Dakota Johnson plays cynical matchmaker Lucy Mason, who works for the high-end matchmaking company Adore. Her job is to engineer love based on quantifiable traits; height, background, attractiveness, interests, and, most tellingly, income. Lucy has built a career around compatibility formulas and emotional distance, convincing herself that love can be reduced to data.

At the seventh wedding she’s successfully arranged, Lucy meets Harry (Pedro Pascal), the effortlessly charming and incredibly wealthy brother of the groom. She’s drawn to his polish and power, even if she’s not sure there’s anything real beneath it. Then, as if to test her cynicism, she runs into her ex, John (Chris Evans), who’s working the wedding as part of the catering staff. Compared to Harry, John is a reminder of everything Lucy’s tried to leave behind — instability, chaos, and the kind of connection that can’t be measured on a spreadsheet.

The film follows Lucy as she wrestles with her own contradictions, the desire for security versus the longing for something authentic. Through her encounters with Harry and John, she’s forced to question whether love is something you can curate, or something that happens despite your best attempts to control it. Materialists uses Lucy’s romantic entanglements as a mirror for modern relationships, asking whether we’re all just consumers in the marketplace of love, or if there’s still room for something real beneath the surface.

Romance films usually fall into one of two categories: they’re hilarious and sad (13 Going on 30, How to Lose a Guy in 10 Days, and My Best Friend’s Wedding), or they’re just sad (The Notebook, Past Lives, and Me Before You). Materialists manages to include both themes but centers itself around neither comedy nor tear-jerking moments. Instead, it focuses on what you would expect a romance film to be about — but somehow rarely is: love itself.

The viewer is not meant to leave with the cliche and perhaps naive impression that “love was the answer all along.”

At the end of the film, Lucy says out loud what the viewer has sensed the whole time. She is not in love with Harry; she is simply charmed by his money. Despite the two being a “perfect match,” she cannot stay with him. So Lucy picks her ex-boyfriend John, who by the standards illustrated in the film is a terrible match for her. But she loves him.

Yet, even though Lucy chooses “love,” the film refuses to let us off that easily. The viewer is not meant to leave with the cliche and perhaps naive impression that “love was the answer all along.” The last shot features Lucy and John eating out of to-go boxes from a cart in Central Park, something Lucy claimed in a previous scene, while breaking up with John, that she would never want to do for her anniversary. Lucy doesn’t seem completely satisfied with her decision, and that’s exactly the point. There was no “right” choice.

With this ending, the film manages to laugh at its own cynicism while reminding the audience to fight the urge to romanticize Lucy’s life. Lucy did not get her “perfect ending.” She made a choice, and as choices tend to do, it came with consequences.
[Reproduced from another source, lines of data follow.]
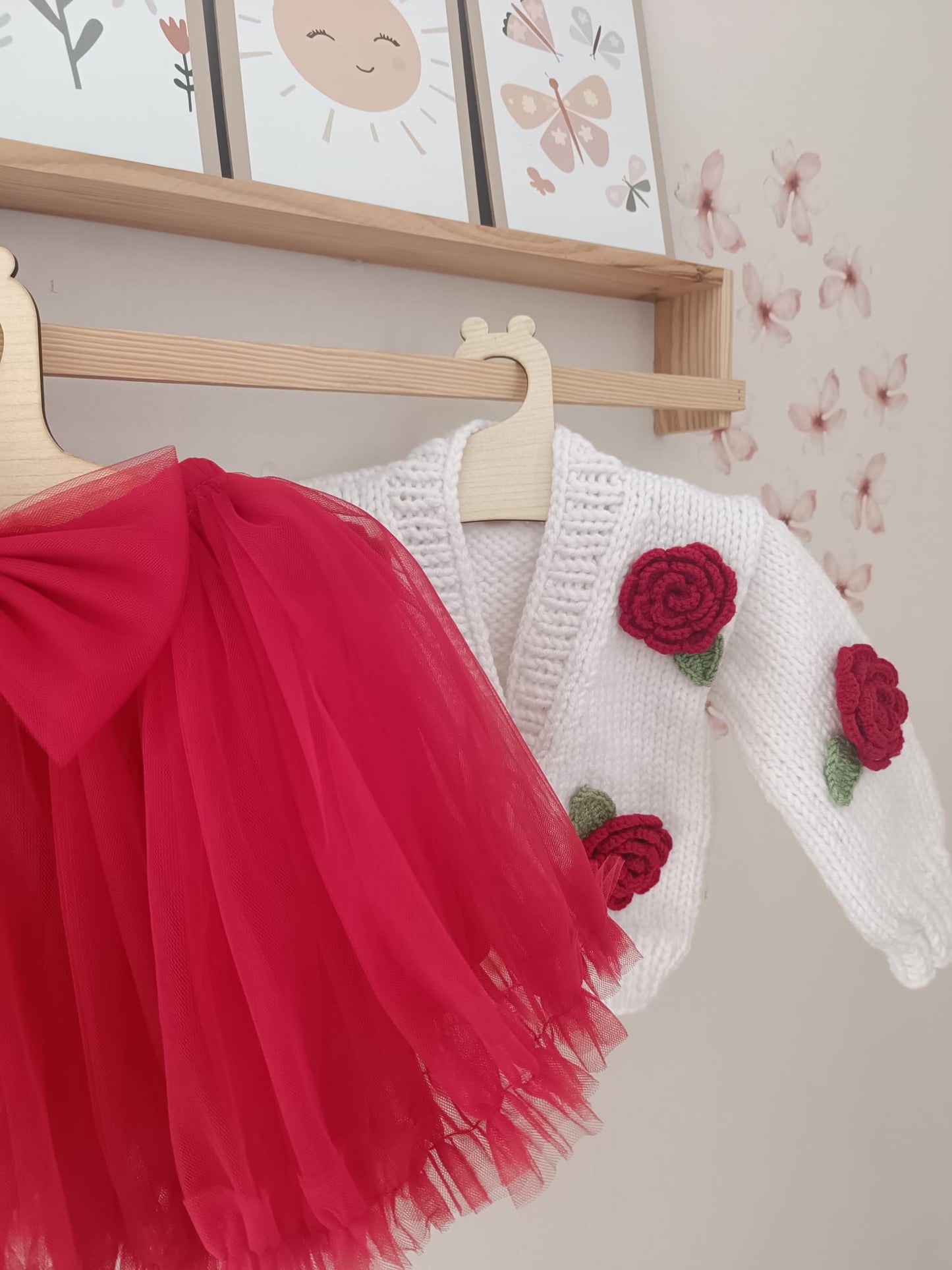 Handmade rose cardigan (PREORDER)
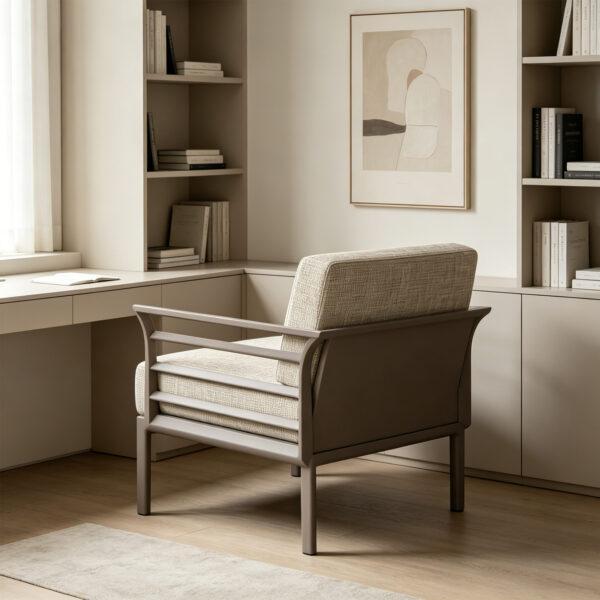 Framed Cushion Accent Armchair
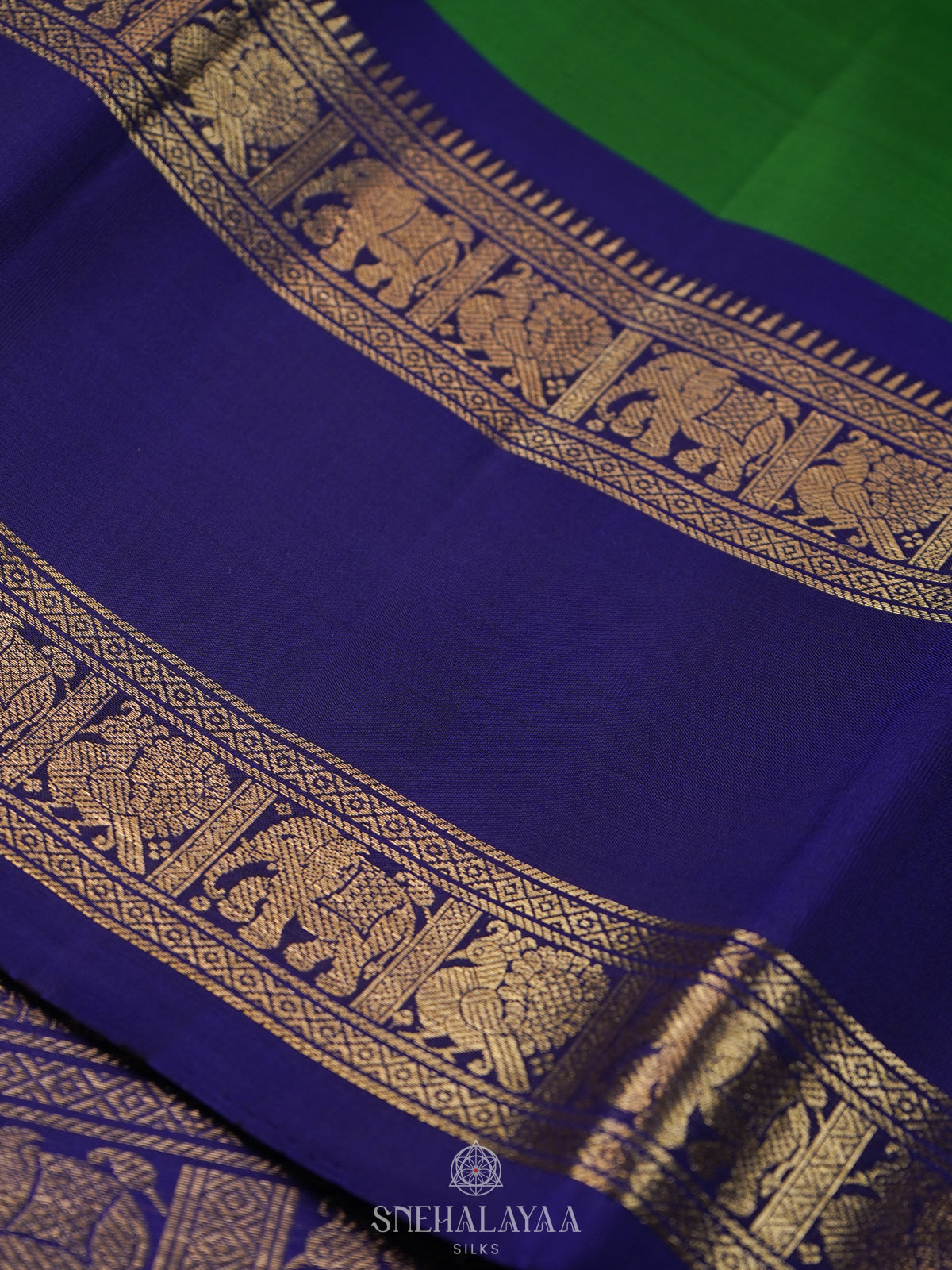 Emerald Green Kanjivaram Silk Saree
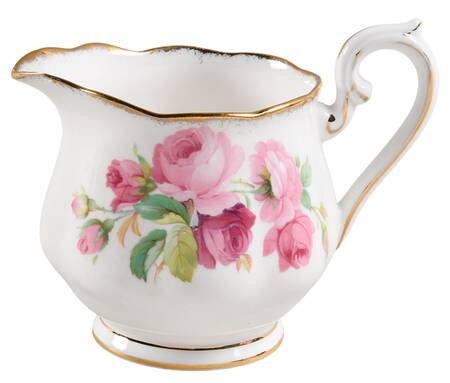 Princess Anne (Brushed Gold Edge) Creamer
But here’s what matters: Lucy knows this. She understands that she has given up comfort in the pursuit of something authentic and has decided that the tradeoff is worth it, however uncomfortable it may be.

The brilliance of Materialists is that it doesn’t presume to know the answer for us.

That’s what the film does so well. It refuses to answer the question of whether “love conquers all” and instead asks: in love there is sacrifice — is that sacrifice worth it? The brilliance of Materialists is that it doesn’t presume to know the answer for us. It simply shows us Lucy sitting in that park, choosing discomfort over numbness, mess over sterility, and leaves us to wonder what we would do in her place.

In refusing to give us a satisfying ending in the way of fulfilling all of Lucy’s hopes and dreams, the film gives us something more valuable: the truth. Love is messy, choices are complicated, and sometimes the “right” decision still feels wrong, or worse, is wrong. But perhaps that’s the most romantic thing of all: choosing something real, even when it’s imperfect, even when it’s hard, even when you’re not entirely sure. Lucy may not have gotten her fairy tale, but she got something rarer in modern romance films, a choice that feels achingly, uncomfortably human.